I have just had my second booster shot, and fantasize that the next half-year will allow for more activity and interaction than the preceding months. But who can predict what dangers the next variant will bring. There is no way I can become sanguine, though I can dream of a time when COVID will just be a memory.

I don’t want to retreat to spending my days just watching Netflix and reading The Times. If I had the energy and will, I would try to break the daily pattern of my life at least three or four times a week, and either wander the city, attend a film or play, and visit a museum or the Chelsea art galleries. However, I still spend too much time sitting, reading and talking to friends in Washington Square Park, finding a relatively serene spot amid the cacophony and parade of drummers, beggars, bicyclists, drug dealers and addicts.
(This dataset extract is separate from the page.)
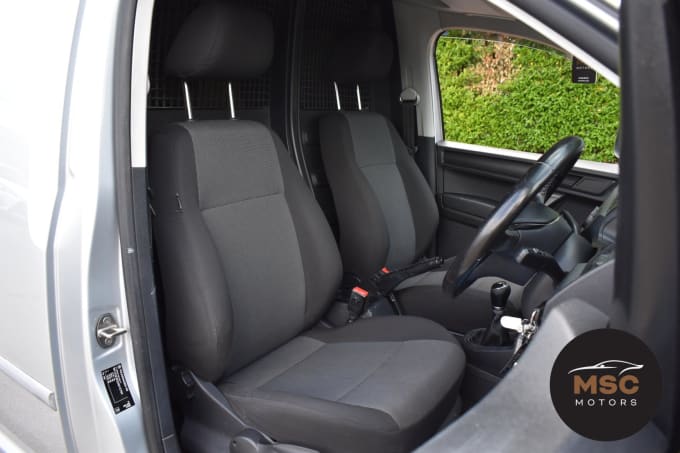 2017 Volkswagen Caddy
It’s a park that is simultaneously alive and repellently chaotic. I used to see beauty in disorder, but public anarchy and dissolution just feel dangerous now.

A scene from Washington Square Park. Photo: Dean Moses

I am aware that I‘m now 82, and I have lost one of my two closest friends, and another close Berkshire friend of more recent vintage. (Not through COVID, but in both cases cancer). Of course, when you reach your eighties that’s normal, but that doesn’t mean that one doesn’t grieve for those who have died, and remember the shared moments where we deeply connected.

At 82, I would like to see a public world that is no longer dominated by political and criminal mayhem. But that seems to be the way of the world — Russian soldiers raping and murdering Ukrainian civilians, and, on a different level, American cities witnessing countless shootings that seem gratuitous or brought on by real or imagined personal slights. (We are only around three months into the year 2022, and already there have been more than 107 mass shootings in the U.S.)

I am not asking for utopia, just a few years where there is relative peace and civility. Of course, I know it won’t happen, so I will have to satisfy myself with good films and plays, and some transcendent museum exhibits.